(SOURCE DATA)

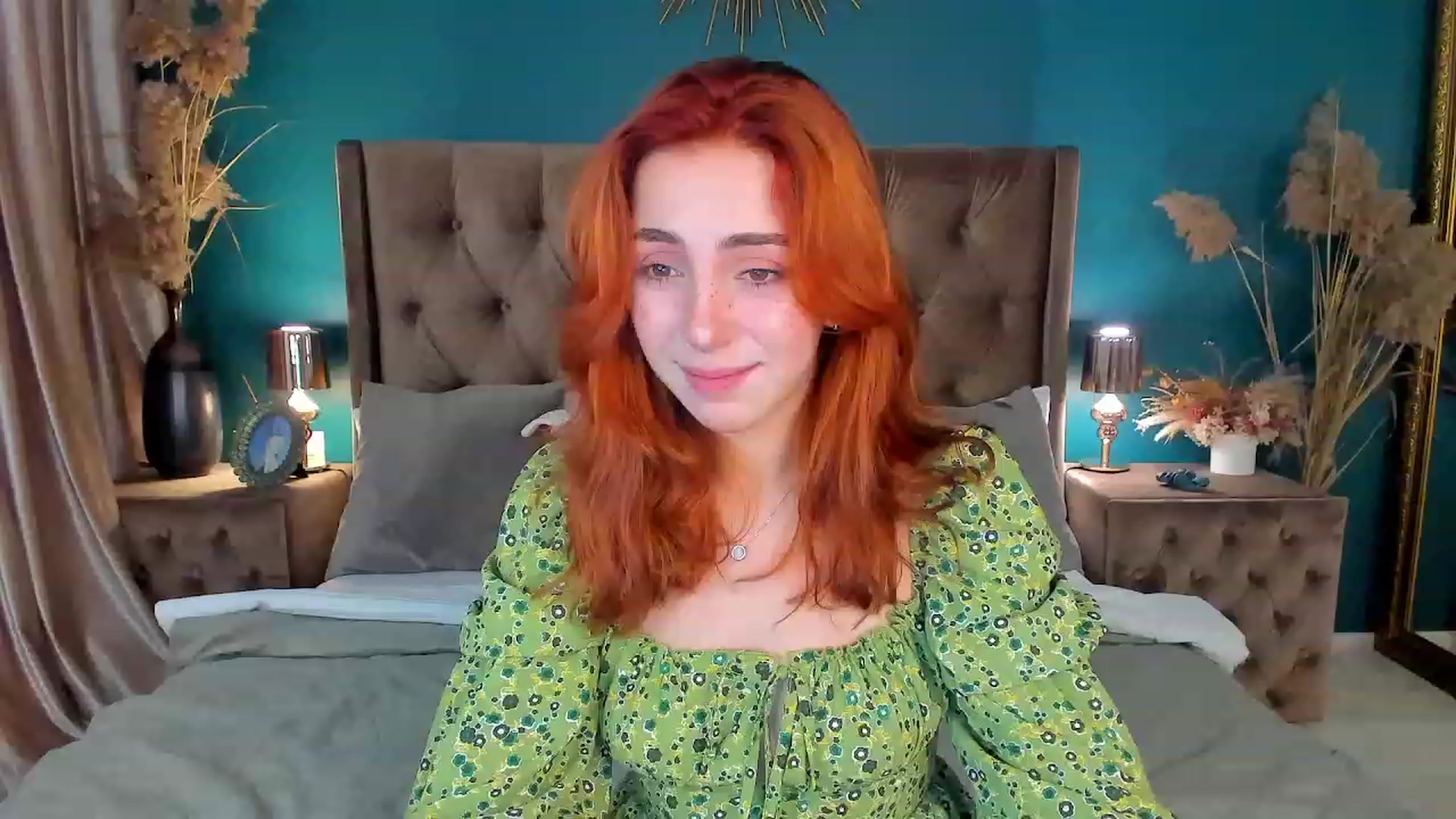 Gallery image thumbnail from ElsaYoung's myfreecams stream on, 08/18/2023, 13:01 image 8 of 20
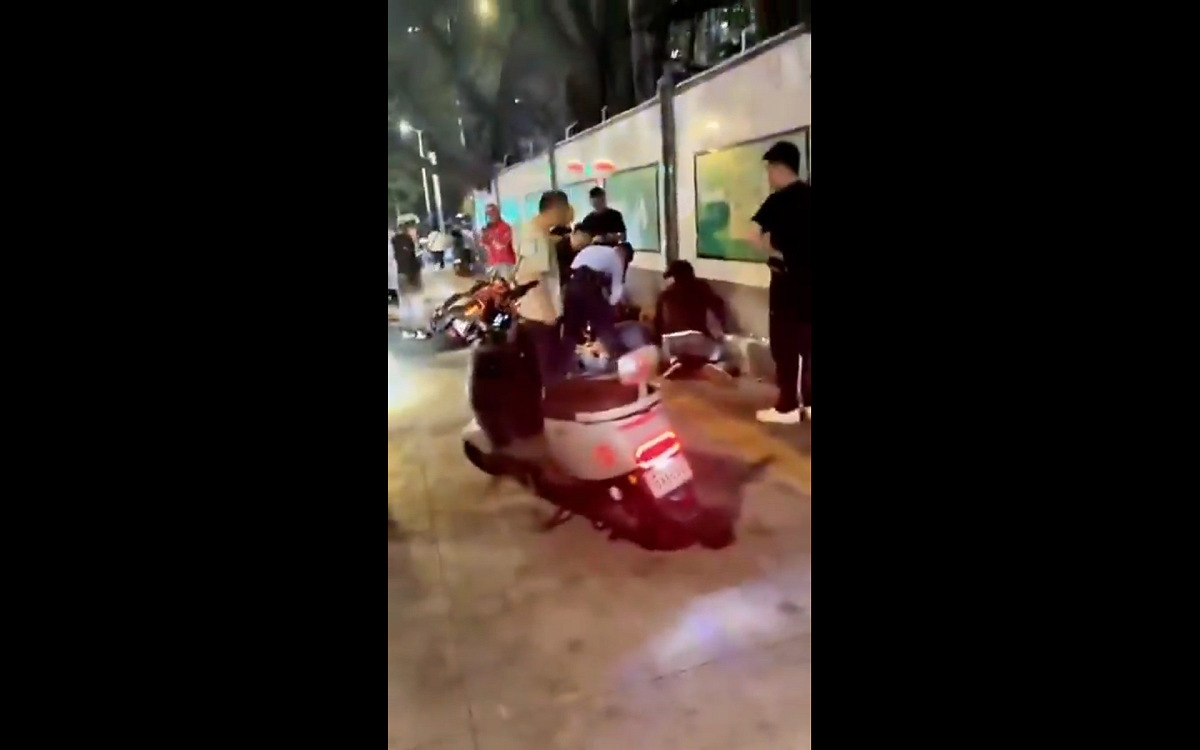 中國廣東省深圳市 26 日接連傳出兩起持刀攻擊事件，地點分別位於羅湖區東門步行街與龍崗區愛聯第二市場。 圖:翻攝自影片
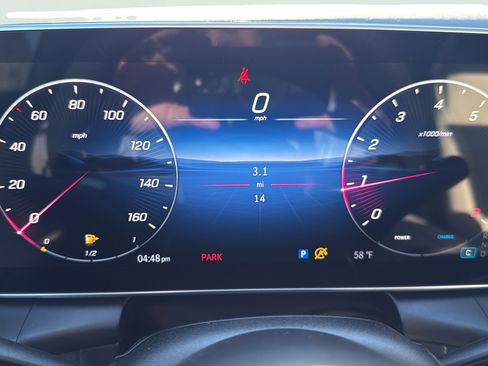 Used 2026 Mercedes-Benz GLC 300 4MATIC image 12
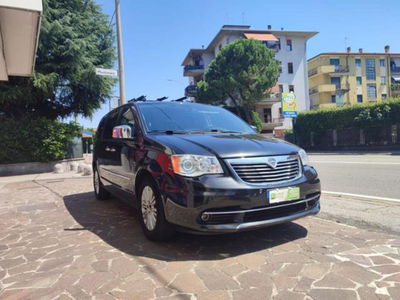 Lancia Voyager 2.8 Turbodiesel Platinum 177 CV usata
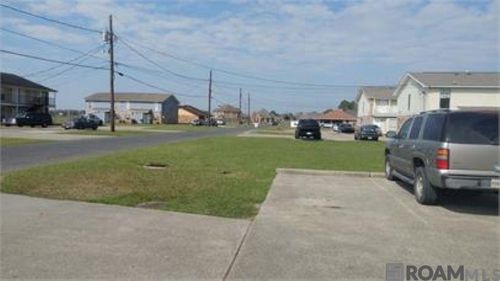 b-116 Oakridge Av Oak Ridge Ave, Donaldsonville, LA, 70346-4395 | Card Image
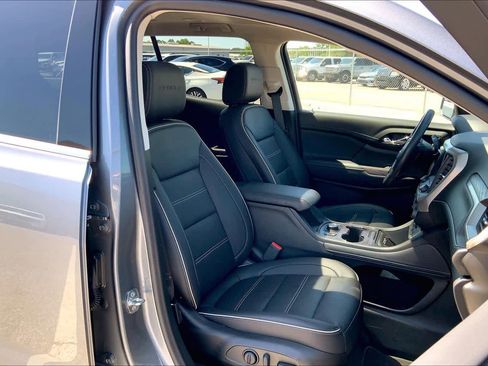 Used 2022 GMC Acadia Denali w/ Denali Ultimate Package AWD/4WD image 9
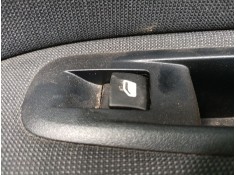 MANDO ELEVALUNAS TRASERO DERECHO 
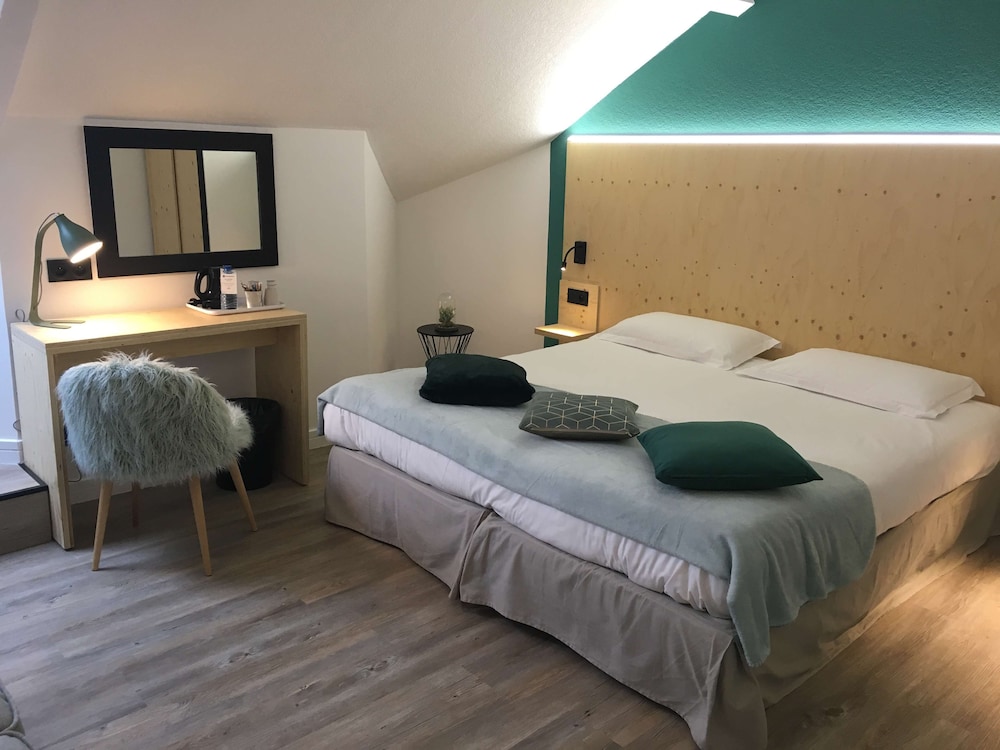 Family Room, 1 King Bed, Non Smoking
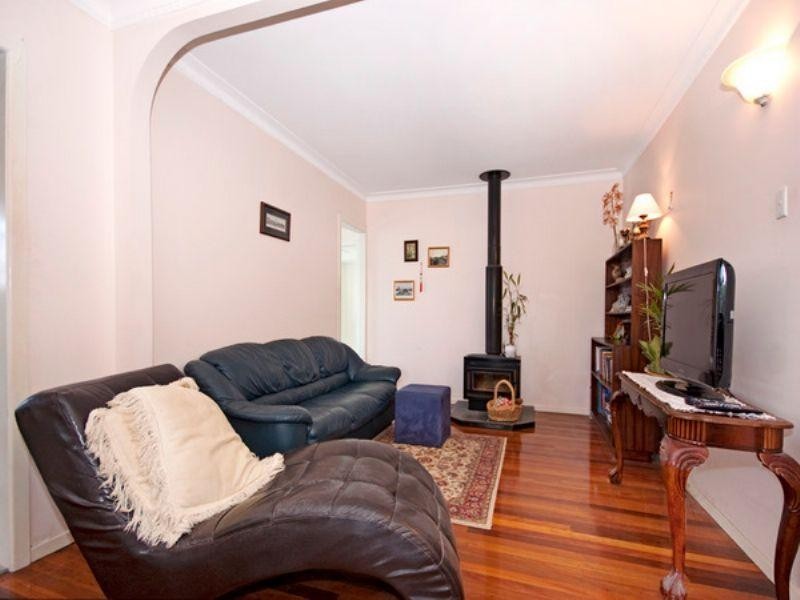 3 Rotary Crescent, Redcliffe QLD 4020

(End SOURCE DATA)

▶ ABOUT THIS EXERCISE
Copy out the listing exactly as it stands, but not the pictures.

▶ REPLY
 Gallery image thumbnail from ElsaYoung's myfreecams stream on, 08/18/2023, 13:01 image 8 of 20
 中國廣東省深圳市 26 日接連傳出兩起持刀攻擊事件，地點分別位於羅湖區東門步行街與龍崗區愛聯第二市場。 圖:翻攝自影片
 Used 2026 Mercedes-Benz GLC 300 4MATIC image 12
 Lancia Voyager 2.8 Turbodiesel Platinum 177 CV usata
 b-116 Oakridge Av Oak Ridge Ave, Donaldsonville, LA, 70346-4395 | Card Image
 Used 2022 GMC Acadia Denali w/ Denali Ultimate Package AWD/4WD image 9
 MANDO ELEVALUNAS TRASERO DERECHO 
 Family Room, 1 King Bed, Non Smoking
 3 Rotary Crescent, Redcliffe QLD 4020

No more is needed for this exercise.